While fully within the reach of current industrial tech, microstamping requires specific equipment to be impressed, equipment which is very expensive, and can be made to be even more expensive when the powers that be mandate the use of specific, “certified” systems, whose manufacturers then become monopoly holders so that, as they say, “sky is the limit” when it comes to price of gear and licensing.

 

Needless to say, all these costs will end up being dumped on the end user.

 

This is a huge problem for honest citizens, obviously. And, obviously, politicians are fully aware of this, after all it’s not the first time for financial gun control: make guns too expensive for citizens to buy, and you’ll disarm the population as effectively as by banning them, without the political backlash.  “Banning guns? Oh, surely no! We respect the Second Amendment! by all means, get any guns you want. You just have to be able to afford them... AH-AH-AH!...

 

Moreover, even if microstamping worked just fine, this would rise issues about leaving around bullets or spent cases which carry your signature and could be collected by malevolent third parties and used in fraudulent way.
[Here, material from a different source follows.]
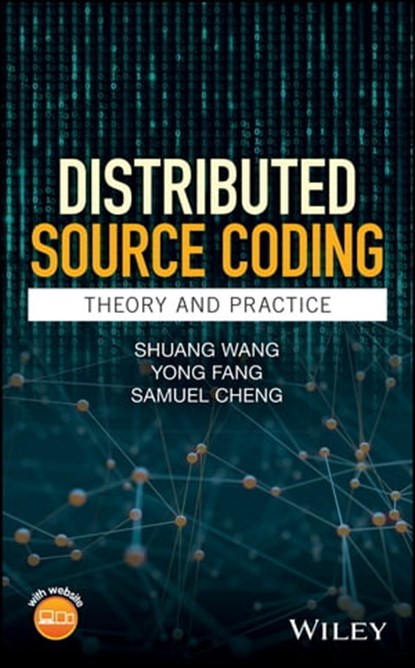 Distributed Source Coding, Shuang Wang ; Yong Fang ; Samuel Cheng - Ebook - 9781118705988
Think of having to clean up after a day at the range as a professional hitman would do after committing murder… because otherwise you could end up be charged with one.

 

This brings us to the classic “Honest citizens have nothing to fear, as this system is meant to protect them.”

 

Anybody having even a cursory experience with any judicial system will know how false and deceiving this statement is. Honest citizens are actually the ones who have more to fear about the system itself, exactly because they believe they have nothing to fear, and saunter merrily into what actually is a lethal minefield, while the career criminal knows how to game the system. Speaking of which, all that a criminal would require to defeat microstamping is a piece of sandpaper and a few minutes of work (or a few seconds with a Dremel).

 

Just collecting spent brass at a range and tossing a handful around on a crime scene would wreak havoc to any forensic crime scene examination… and these are just two ways to defeat the system that come to mind in a pinch to a honest citizen: I’m sure a career criminal who actually takes the time to think about it will have many more, much more inventive ways to have a laugh at those who thought microstamping would prevent crime.

 

And, mark my word, politicians mandating microstamping know all this very well: there is no incompetence, no stupidity, no mistake, no ignorance in those who propose this kind of laws: just pure and simple malice.

 

Since California implemented the first layer of its microstamping mandating law, on May 17 2013, requiring approval for any gun to be marketed in the state, there has been a steady decline in guns submitted for approval by industry for sale in California: gun makers simply stopped marketing firearms there.
Which was the real purpose of the law from the beginnig.

 

Microstamping has nothing to do with crime prevention, can do nothing to make a crime scene examination and proof collecting easier (the real issues are different): it’s just a trojan horse to introduce further traps for legal gun owners preventing them to practice shooting sports and exert their fundamental human right to protect their own lives and those of their loved ones, while leaving criminals at what they do best: breaking the law.